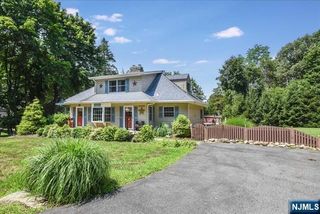 39 Circle Avenue, Wayne, NJ 07470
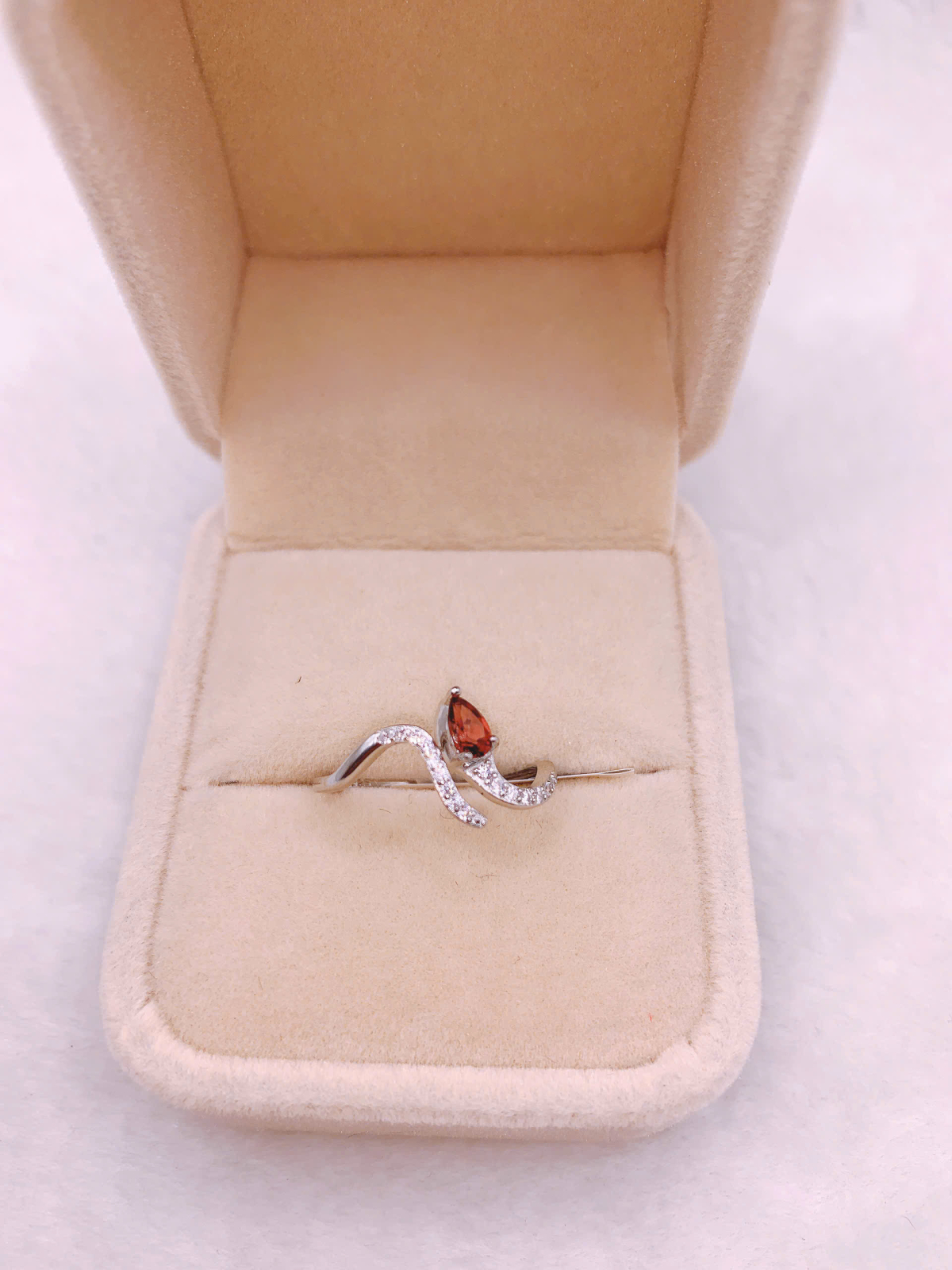 Nhẫn Đá Garnet Bạc 925 - RGN154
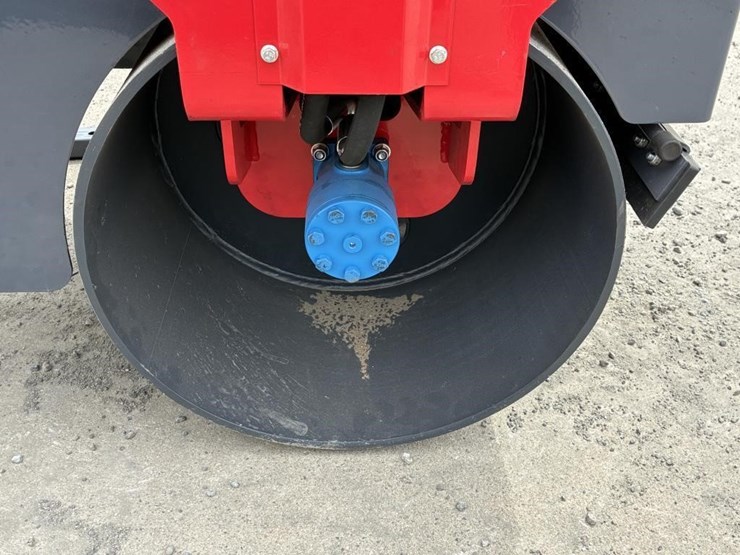 2025-sdlool-sl1000-vibratory-tandem-roller-image-5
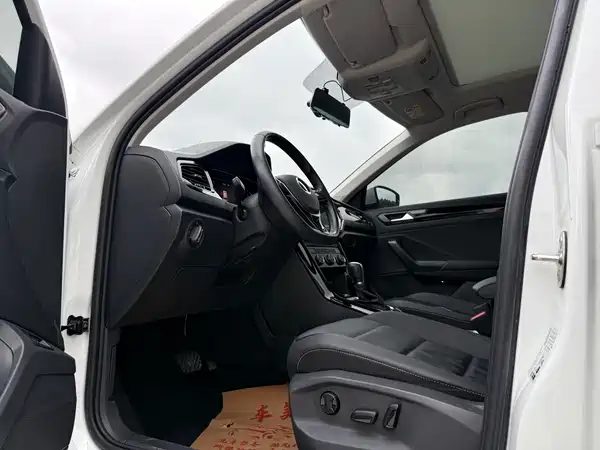 Volkswagen T-Roc 2022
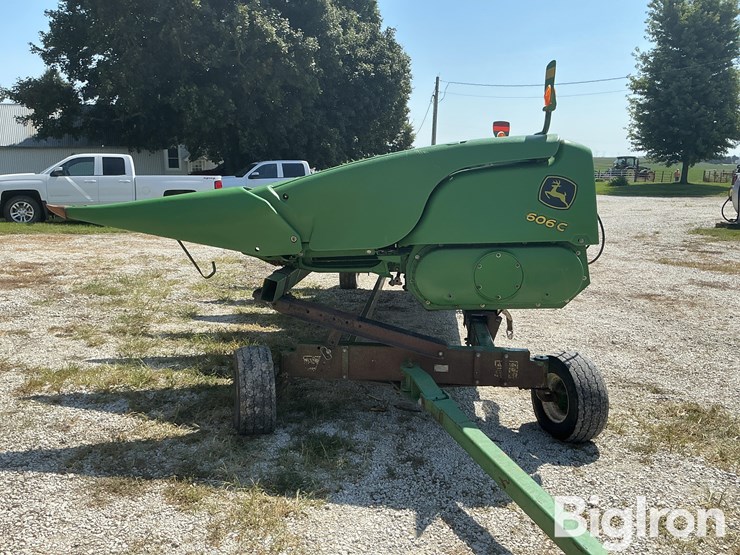 2009-john-deere-606c-6r30-corn-head-w/-head-trailer-image-8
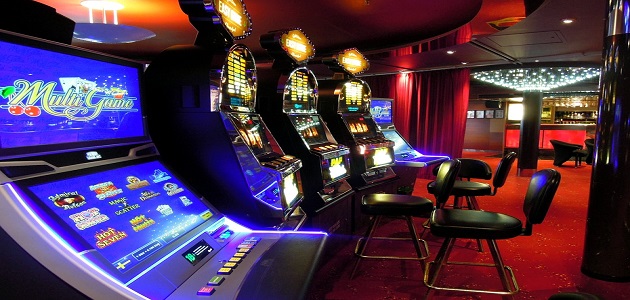 Truffa hi-tec per svuotare le slot, sequestrati 1,2 milioni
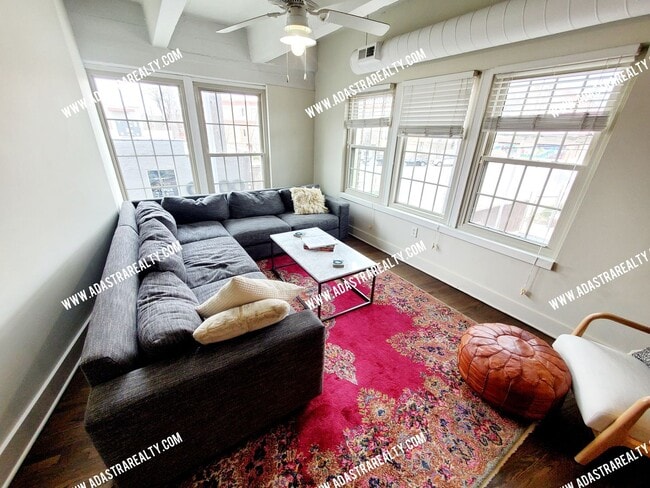Photo - 3001 Gillham Rd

########################################

- **PROBLEM DESCRIPTION**
The entries are to be printed exactly as written; the pictures are to be left out.

- **YOUR RESPONSE**
 39 Circle Avenue, Wayne, NJ 07470
 Nhẫn Đá Garnet Bạc 925 - RGN154
 2025-sdlool-sl1000-vibratory-tandem-roller-image-5
 Volkswagen T-Roc 2022
 2009-john-deere-606c-6r30-corn-head-w/-head-trailer-image-8
 Truffa hi-tec per svuotare le slot, sequestrati 1,2 milioni
Photo - 3001 Gillham Rd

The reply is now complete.